We are amongst those many who believe in reincarnation. Indeed, in the course of our spiritual journeys, we have each ‘unlocked’ numerous memories of other lives. For others like us who ‘know’ this reality, there is no need of scientific proof in validation. However, we acknowledge that, for those who have not experienced our journey, evidence is sought in proof of the phenomenon. Given our own rationalist professional backgrounds, we turned to science early in our journeys to better make sense of our experiences.

In researching the phenomenon we came to appreciate how divergent are the understandings of the concept across religions, cultures and individuals. While many in our global community share our belief in reincarnation, there is much variation in how the reality of this experience is understood. Our understanding has been shaped by our own insights and spiritual awakening. It is an understanding that we believe is consistent with developments across a number of scientific fronts. In this paper we have set out that understanding and that developing science. We hope others may find the paper of interest in exploring their own insights into this intriguing aspect of our human experience.

The reality of other life memories

Although not without their critics, the detailed researches of eminent psychiatrists like Dr Brian Weiss, Professor Jim Tucker and the late Professor Ian Stevenson have provided highly persuasive evidence of the reality of reincarnation. So extensive has been their work that the question today has become, in our view, not so much the existence of such other life memories but the mechanism behind that reality.

We join the influential physicist Doris Kuhlmann-Wilsdorf in her conclusion that:

The statistical probability that reincarnation does in fact occur is so overwhelming … that cumulatively the evidence is not inferior to that for most if not all branches of science, whether physics, cosmology, or Darwinian evolution.[6]

The objective reality of the experience having in our view been amply established, efforts are being made to demonstrate through science the mechanism that might explain the phenomenon. In considering that science, we note that this is not an academic paper and we are not seeking to provide an exhaustive account of the research and analysis being undertaken. However, we believe that, in the writing we canvass, a broad commonality of explanation appears to be emerging that is consistent with our own understanding. So, before turning to the science, what is our understanding?

Our understanding of the ‘mechanics’ of the memories of other lives

In Pythagoras’ understanding “Souls never die, but always on quitting one abode pass to another”, “hither and thither, occupying now this body, now that”.[7] He drew upon beeswax in explanation, not surprising given its easy malleability on being heated and its common use in Ancient Greece:

As a wax is stamped with certain figures, then melted, then stamped anew with others, yet it is always the same wax.

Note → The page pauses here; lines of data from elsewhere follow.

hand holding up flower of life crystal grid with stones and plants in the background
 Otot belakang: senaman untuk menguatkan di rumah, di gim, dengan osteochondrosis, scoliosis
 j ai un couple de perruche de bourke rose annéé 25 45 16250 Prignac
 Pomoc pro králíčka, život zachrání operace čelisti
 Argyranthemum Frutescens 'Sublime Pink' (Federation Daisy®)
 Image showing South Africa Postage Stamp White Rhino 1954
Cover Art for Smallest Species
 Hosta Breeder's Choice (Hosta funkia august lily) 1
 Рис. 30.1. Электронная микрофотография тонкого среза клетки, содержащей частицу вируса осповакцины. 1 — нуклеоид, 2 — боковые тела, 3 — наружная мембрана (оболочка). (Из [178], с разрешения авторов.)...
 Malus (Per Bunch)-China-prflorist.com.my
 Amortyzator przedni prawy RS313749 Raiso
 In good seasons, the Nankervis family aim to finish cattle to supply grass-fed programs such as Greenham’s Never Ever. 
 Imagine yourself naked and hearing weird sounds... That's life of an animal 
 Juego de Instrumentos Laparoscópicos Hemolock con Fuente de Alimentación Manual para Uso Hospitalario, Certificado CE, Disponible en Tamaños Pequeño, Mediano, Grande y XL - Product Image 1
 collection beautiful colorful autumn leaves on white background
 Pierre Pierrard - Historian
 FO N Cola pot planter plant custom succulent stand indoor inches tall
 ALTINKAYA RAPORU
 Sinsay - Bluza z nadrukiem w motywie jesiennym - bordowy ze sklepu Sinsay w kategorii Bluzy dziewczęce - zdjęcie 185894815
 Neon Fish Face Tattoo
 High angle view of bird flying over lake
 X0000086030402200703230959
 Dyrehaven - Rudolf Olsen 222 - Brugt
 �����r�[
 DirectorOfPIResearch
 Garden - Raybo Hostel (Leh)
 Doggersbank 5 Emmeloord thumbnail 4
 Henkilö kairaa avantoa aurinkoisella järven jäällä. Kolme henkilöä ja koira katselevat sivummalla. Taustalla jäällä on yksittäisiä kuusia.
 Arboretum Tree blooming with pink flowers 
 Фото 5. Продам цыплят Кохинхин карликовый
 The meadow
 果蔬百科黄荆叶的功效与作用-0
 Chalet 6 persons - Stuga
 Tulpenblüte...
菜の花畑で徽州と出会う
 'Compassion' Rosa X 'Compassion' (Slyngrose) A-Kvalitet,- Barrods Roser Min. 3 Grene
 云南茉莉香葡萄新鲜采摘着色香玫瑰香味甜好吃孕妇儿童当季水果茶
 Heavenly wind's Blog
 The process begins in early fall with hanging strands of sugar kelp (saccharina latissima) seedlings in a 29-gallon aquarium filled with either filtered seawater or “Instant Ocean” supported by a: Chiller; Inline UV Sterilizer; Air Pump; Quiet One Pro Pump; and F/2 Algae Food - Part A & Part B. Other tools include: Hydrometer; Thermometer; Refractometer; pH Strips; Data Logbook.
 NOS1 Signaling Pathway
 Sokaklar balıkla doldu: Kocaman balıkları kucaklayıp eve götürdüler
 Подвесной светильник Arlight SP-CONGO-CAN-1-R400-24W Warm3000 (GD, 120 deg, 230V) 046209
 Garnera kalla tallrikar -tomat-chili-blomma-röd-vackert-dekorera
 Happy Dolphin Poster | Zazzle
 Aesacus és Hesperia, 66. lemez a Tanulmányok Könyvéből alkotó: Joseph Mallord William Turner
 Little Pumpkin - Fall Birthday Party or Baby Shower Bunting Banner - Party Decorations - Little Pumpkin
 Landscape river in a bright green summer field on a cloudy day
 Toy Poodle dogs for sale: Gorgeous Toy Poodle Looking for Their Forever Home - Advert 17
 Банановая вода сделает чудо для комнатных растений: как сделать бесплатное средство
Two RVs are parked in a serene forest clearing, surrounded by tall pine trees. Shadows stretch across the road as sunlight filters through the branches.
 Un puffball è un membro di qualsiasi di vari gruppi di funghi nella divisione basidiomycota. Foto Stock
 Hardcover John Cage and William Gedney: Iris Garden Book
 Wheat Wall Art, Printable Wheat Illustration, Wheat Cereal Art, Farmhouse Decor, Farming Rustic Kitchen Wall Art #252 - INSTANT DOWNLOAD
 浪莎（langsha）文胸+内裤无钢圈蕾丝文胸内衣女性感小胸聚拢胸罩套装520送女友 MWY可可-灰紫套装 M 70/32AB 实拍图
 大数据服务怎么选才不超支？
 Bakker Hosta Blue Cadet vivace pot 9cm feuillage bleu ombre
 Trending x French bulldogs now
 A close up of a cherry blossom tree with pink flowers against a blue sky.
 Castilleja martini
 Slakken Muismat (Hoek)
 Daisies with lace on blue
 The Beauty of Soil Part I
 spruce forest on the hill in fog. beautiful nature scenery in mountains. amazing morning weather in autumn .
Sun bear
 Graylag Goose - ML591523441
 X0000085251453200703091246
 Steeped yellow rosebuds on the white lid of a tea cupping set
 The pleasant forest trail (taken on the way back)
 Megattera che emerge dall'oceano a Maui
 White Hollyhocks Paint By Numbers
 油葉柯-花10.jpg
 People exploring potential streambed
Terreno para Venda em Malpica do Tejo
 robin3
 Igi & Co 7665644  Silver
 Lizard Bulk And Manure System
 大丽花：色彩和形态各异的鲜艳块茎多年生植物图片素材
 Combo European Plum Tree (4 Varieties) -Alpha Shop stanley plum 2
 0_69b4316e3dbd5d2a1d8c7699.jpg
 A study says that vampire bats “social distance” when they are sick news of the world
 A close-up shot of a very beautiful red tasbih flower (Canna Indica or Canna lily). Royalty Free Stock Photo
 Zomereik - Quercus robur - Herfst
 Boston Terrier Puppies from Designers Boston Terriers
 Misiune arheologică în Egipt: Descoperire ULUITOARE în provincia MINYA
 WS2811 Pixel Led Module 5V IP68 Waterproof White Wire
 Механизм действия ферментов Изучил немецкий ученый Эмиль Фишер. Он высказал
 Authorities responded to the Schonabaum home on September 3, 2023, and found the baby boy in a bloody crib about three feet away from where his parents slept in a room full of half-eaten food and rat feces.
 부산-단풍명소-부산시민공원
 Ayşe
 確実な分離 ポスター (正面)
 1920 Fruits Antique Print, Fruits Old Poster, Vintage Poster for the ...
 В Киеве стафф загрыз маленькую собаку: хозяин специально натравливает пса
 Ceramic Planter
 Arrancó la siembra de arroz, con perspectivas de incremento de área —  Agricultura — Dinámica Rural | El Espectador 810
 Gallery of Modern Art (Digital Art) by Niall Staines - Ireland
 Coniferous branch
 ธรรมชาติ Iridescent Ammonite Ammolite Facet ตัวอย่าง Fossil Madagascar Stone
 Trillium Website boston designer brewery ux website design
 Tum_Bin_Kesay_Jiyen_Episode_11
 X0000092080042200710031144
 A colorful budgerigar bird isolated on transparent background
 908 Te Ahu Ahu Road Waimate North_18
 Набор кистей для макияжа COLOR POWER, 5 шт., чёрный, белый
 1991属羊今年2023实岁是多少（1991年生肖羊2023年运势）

So, the Soul being always the same, yet wears at different times different forms.

This is perhaps the classic understanding of other life memories as reincarnation, our one soul passing from one body to another in each lifetime. There is certainly an attractive simplicity in the idea of ‘one soul, one journey’. However, our understanding of the nature of one’s ‘soul’ is more nuanced and, we believe, supported by the emerging science.

From her insights, Marianne likens each of our incarnations to a drop of water emanating from a larger body of water. When we die our spiritual essence is re-absorbed into that body of water. The next time we incarnate we will come from the same body of water, albeit we will wear a new ‘costume’, or energetic blueprint, which will be defined by the time and place of our birth.

Clay serves as a useful metaphor in explanation, particularly given that the creation of humans from clay is a recurring ‘creation’ theme in various ancient cultures and religions – for example, in Christianity man is formed by God from clay (or dust – which of course forms clay when mixed with water – depending on the translation adopted of the Biblical Hebrew in Genesis 2:7).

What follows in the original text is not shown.